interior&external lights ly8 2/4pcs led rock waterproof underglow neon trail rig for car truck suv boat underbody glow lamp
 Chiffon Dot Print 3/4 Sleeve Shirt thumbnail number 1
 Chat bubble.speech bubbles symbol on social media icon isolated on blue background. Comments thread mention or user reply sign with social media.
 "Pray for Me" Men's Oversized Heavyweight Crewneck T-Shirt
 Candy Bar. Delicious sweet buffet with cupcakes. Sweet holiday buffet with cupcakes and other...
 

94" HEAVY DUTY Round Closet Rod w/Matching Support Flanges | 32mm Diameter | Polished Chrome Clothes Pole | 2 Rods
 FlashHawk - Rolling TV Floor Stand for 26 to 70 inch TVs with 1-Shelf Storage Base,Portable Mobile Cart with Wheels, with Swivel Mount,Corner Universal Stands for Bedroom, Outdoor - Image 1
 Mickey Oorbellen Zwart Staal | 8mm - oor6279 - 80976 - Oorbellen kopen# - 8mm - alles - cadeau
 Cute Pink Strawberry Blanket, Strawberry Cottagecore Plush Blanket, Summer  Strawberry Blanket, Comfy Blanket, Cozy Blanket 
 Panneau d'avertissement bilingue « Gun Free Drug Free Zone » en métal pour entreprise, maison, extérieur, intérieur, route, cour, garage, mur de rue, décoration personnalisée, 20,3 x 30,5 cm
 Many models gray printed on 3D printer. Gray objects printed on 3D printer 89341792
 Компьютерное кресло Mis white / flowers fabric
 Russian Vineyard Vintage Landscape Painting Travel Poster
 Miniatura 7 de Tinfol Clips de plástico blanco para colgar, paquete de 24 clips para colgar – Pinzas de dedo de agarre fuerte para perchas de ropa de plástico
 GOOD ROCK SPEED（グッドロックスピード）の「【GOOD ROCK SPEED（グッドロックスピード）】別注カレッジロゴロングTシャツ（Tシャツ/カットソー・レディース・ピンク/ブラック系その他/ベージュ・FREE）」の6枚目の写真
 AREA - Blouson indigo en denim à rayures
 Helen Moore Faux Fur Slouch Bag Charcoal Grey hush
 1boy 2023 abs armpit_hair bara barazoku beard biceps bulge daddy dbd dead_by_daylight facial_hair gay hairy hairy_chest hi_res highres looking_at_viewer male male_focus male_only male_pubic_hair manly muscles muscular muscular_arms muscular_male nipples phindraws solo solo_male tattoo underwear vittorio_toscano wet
☆ ☆ ☆ ☆ ☆
## Exercise:
The required output is an exact retyping of the lines from the one that contains "Russian Vineyard Vintage" through the last line of the material above.

## Expected output:
 Russian Vineyard Vintage Landscape Painting Travel Poster
 Miniatura 7 de Tinfol Clips de plástico blanco para colgar, paquete de 24 clips para colgar – Pinzas de dedo de agarre fuerte para perchas de ropa de plástico
 GOOD ROCK SPEED（グッドロックスピード）の「【GOOD ROCK SPEED（グッドロックスピード）】別注カレッジロゴロングTシャツ（Tシャツ/カットソー・レディース・ピンク/ブラック系その他/ベージュ・FREE）」の6枚目の写真
 AREA - Blouson indigo en denim à rayures
 Helen Moore Faux Fur Slouch Bag Charcoal Grey hush
 1boy 2023 abs armpit_hair bara barazoku beard biceps bulge daddy dbd dead_by_daylight facial_hair gay hairy hairy_chest hi_res highres looking_at_viewer male male_focus male_only male_pubic_hair manly muscles muscular muscular_arms muscular_male nipples phindraws solo solo_male tattoo underwear vittorio_toscano wet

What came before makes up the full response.